(Data in this exercise)

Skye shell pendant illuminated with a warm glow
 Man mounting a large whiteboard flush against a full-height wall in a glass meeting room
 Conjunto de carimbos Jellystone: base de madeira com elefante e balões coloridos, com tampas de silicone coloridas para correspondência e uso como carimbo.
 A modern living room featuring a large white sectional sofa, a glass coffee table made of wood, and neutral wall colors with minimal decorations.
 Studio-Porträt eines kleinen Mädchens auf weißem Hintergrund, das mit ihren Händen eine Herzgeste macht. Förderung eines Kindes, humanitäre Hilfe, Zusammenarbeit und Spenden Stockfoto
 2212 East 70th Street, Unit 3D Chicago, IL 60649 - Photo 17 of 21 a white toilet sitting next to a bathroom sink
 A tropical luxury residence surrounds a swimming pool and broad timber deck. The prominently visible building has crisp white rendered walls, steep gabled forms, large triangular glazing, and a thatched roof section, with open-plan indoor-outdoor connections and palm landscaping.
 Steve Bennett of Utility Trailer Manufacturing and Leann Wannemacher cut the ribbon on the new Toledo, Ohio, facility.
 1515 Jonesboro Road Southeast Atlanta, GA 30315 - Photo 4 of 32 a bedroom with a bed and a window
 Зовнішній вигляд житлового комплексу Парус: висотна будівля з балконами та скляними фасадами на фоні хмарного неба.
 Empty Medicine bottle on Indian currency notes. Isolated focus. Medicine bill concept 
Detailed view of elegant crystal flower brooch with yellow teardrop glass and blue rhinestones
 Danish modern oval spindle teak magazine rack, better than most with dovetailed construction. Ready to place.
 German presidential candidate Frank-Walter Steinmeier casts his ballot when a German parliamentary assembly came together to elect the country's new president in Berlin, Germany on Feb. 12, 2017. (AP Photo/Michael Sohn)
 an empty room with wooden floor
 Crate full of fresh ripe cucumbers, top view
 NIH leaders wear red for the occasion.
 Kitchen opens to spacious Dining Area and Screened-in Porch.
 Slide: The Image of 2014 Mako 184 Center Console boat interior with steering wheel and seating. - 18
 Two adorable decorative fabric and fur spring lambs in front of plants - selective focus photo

(End Data in this exercise)

- What is expected
Your answer should be exactly the lines of the data above, from the first through the line containing "A modern living".

- Exercise output
Skye shell pendant illuminated with a warm glow
 Man mounting a large whiteboard flush against a full-height wall in a glass meeting room
 Conjunto de carimbos Jellystone: base de madeira com elefante e balões coloridos, com tampas de silicone coloridas para correspondência e uso como carimbo.
 A modern living room featuring a large white sectional sofa, a glass coffee table made of wood, and neutral wall colors with minimal decorations.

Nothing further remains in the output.